I want to obtain the execution time of each operator in the TVM model. The execution time obtained through the debugger is unstable. Therefore, I measure the execution time of each operator in C++ as shown below.

void GraphRuntime::Run() {
    for (size_t i = 0; i < op_execs_.size(); ++i) {
      if (op_execs_[i]) {
        LOG(INFO) << "Executing " << i <<": " << nodes_[i].name<< "...";
        // warm up
        for(size_t j = 0; j < 10; j++) {
          op_execs_[i]();
        }

        auto start = std::chrono::high_resolution_clock::now();
        for(size_t j = 0; j < 100; j++) {
          op_execs_[i]();
        }
        auto stop = std::chrono::high_resolution_clock::now();
        auto duration = std::chrono::duration_cast<std::chrono::microseconds>(stop - start);
        LOG(INFO) << "Time taken by function (--" << nodes_[i].name << "--): --" << duration.count() / 100.0 << "-- microseconds";
      }
    }
  } 
}

After obtaining the average execution time for all operators, I compared the sum of average executioin times for all operators with the executhion time of whole model. I found the former is much smaller than the latter. For example, the former is 43ms while the latter is 117ms.

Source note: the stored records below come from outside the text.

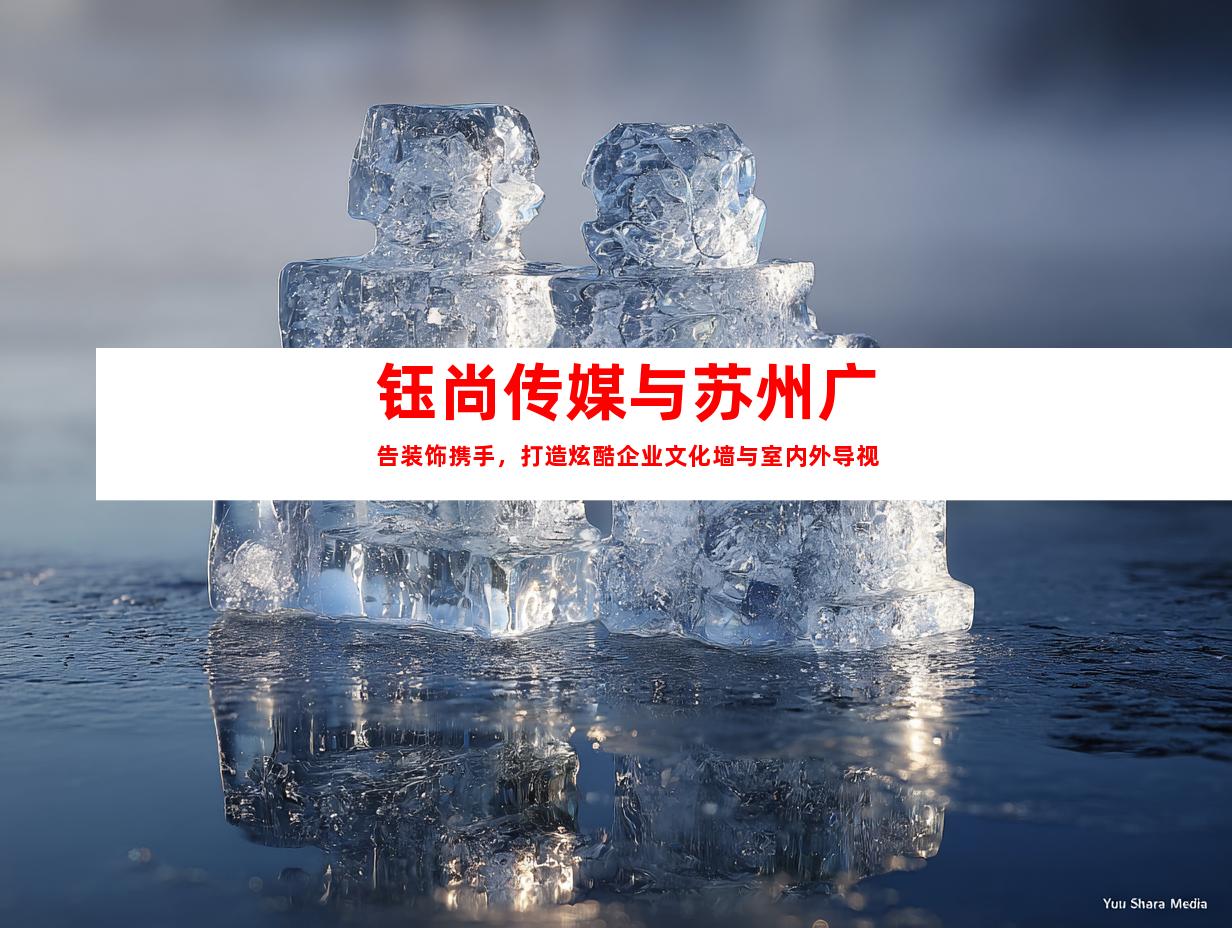 钰尚传媒与苏州广告装饰携手，打造炫酷企业文化墙与室内外导视
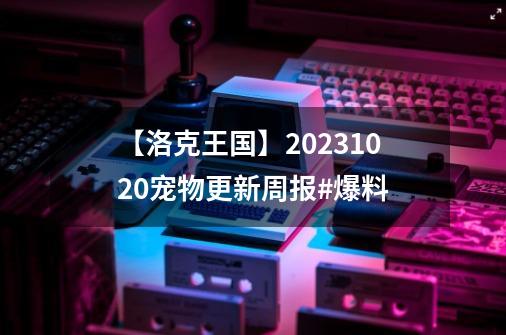 【洛克王国】2023.10.20宠物更新周报#爆料-第1张-游戏资讯-龙启网络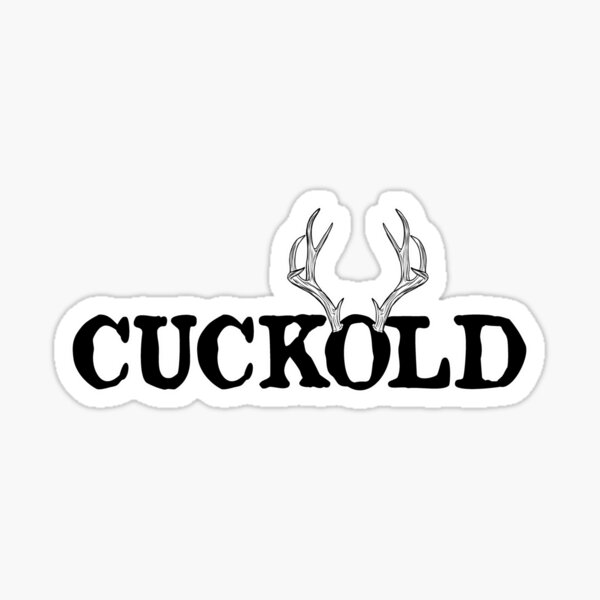 Cuckold: A single word that says everything Sticker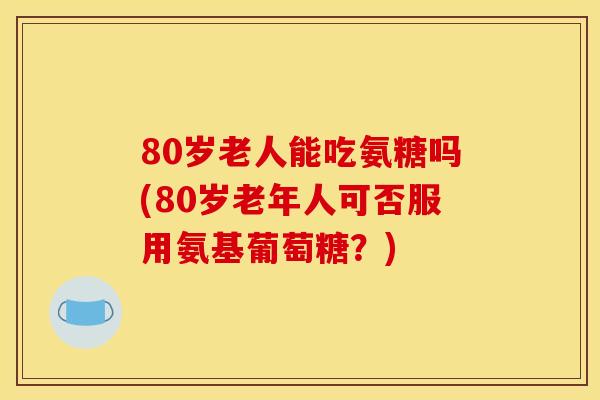 80岁老人能吃氨糖吗(80岁老年人可否服用氨基葡萄糖？)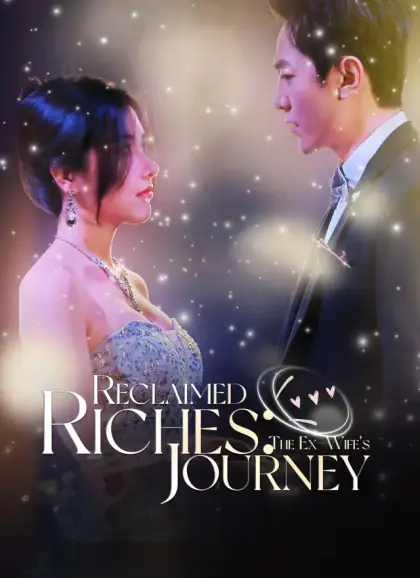 Reclaimed Riches: The Ex-Wife's Journey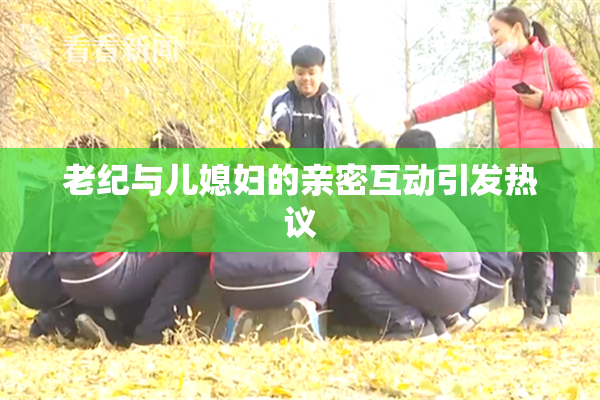 老纪与儿媳妇的亲密互动引发热议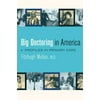 Big Doctoring in America: Profiles in Primary Care, Used [Paperback]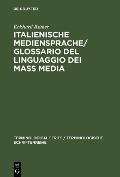 Cover-Bild zum Titel 'Italienische Mediensprache / Glossario del linguaggio dei mass media' von 'Eckhard Römer'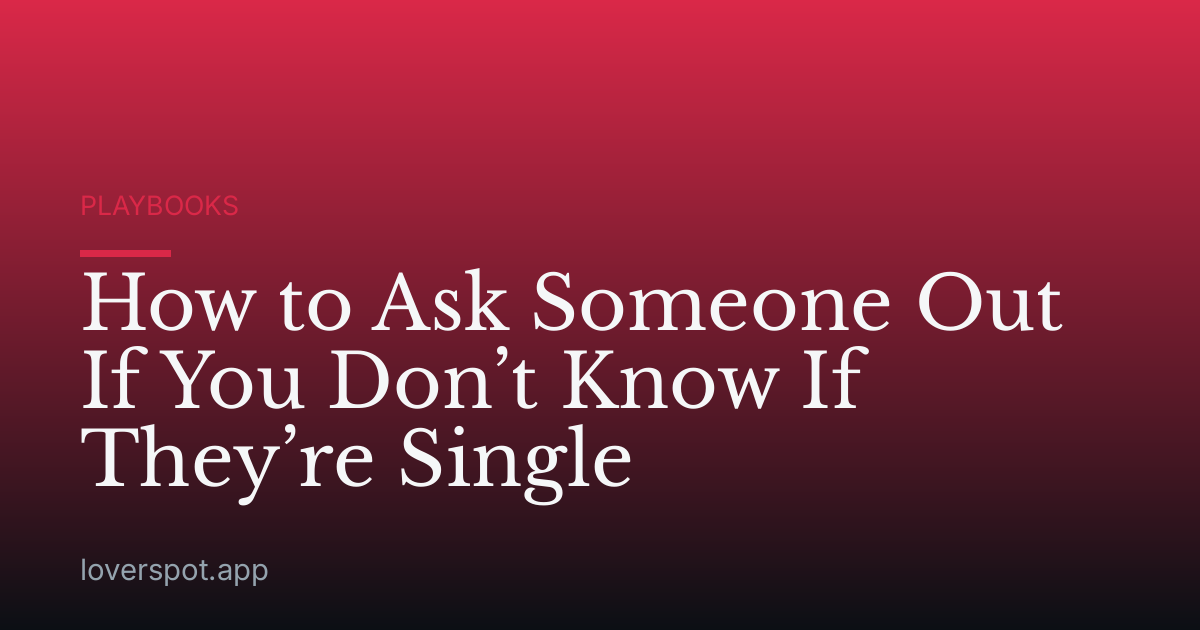 How to Ask Someone Out If You Don’t Know If They’re Single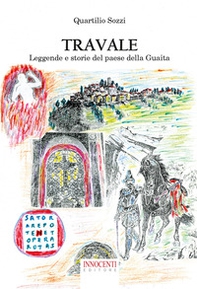 Travale. Leggende e storie del paese della Guaita - Librerie.coop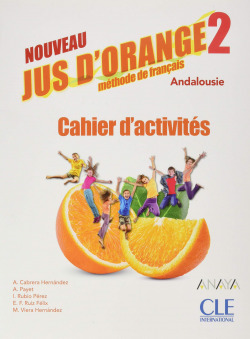NOUVEAU JUS D´ORANGE 2 CAHIER D´EXERCICES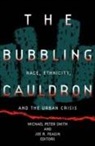 Michael Smith, Joe R. Feagin, Joseph R. Feagin, Michael Peter Smith - Bubbling Cauldron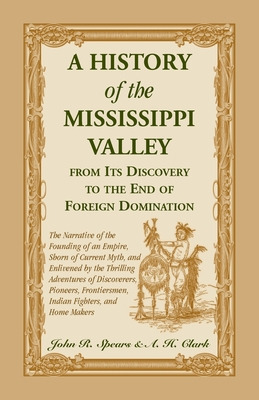 Libro A History Of The Mississippi Valley From Its Discov...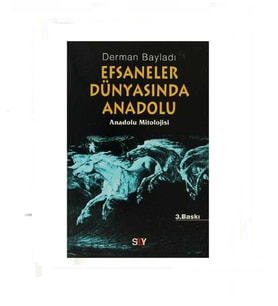 Efsaneler Dünyasında Anadolu; Anadolu Mitolojisi - Derman Bayladı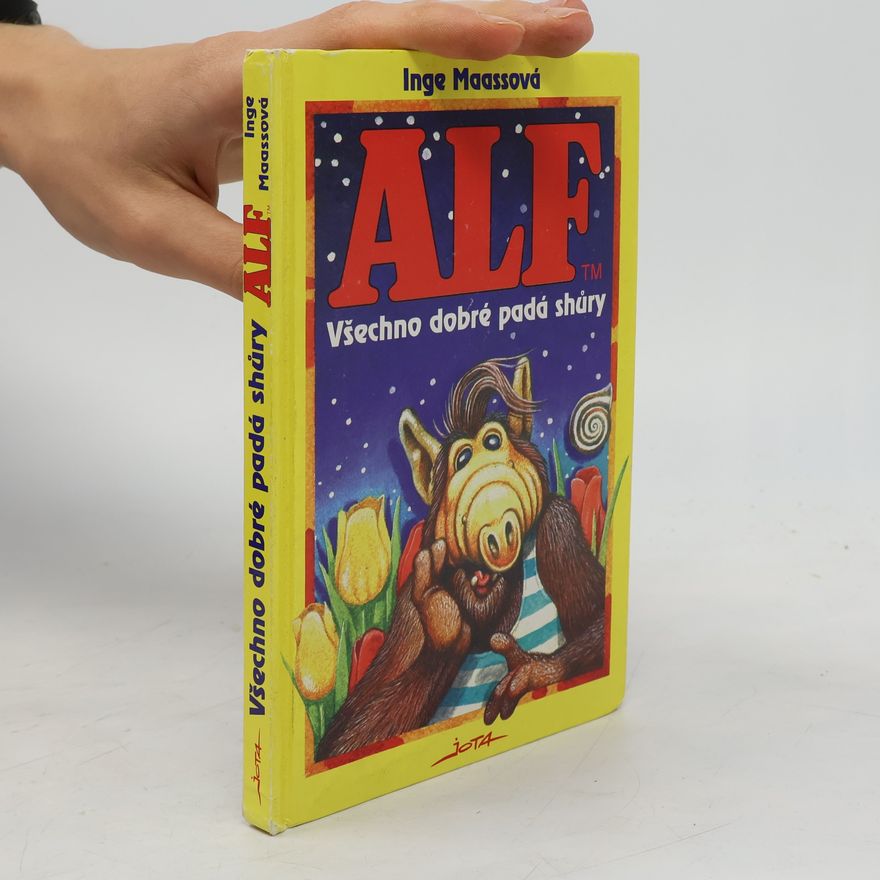 Inge Maass Alf, Všechno dobré padá shůry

The method for measuring the execution time of whole model is as follows.

repeat = 100
start = time.time()
for i in range(repeat):
      model.run()
end = time.time()
whole_model_exec_time = (end-start) / repeat

I want to know the possible reasons for this situation. The tvm version is 0.8dev0.

Actually, the model is executed heterogeneously (some operators on CPU, while others on GPU). If a cuda operator is asynchronous, the method above can only measure the kernel launch time, which is smaller than real execution time. Are there asynchronous operators in TVM?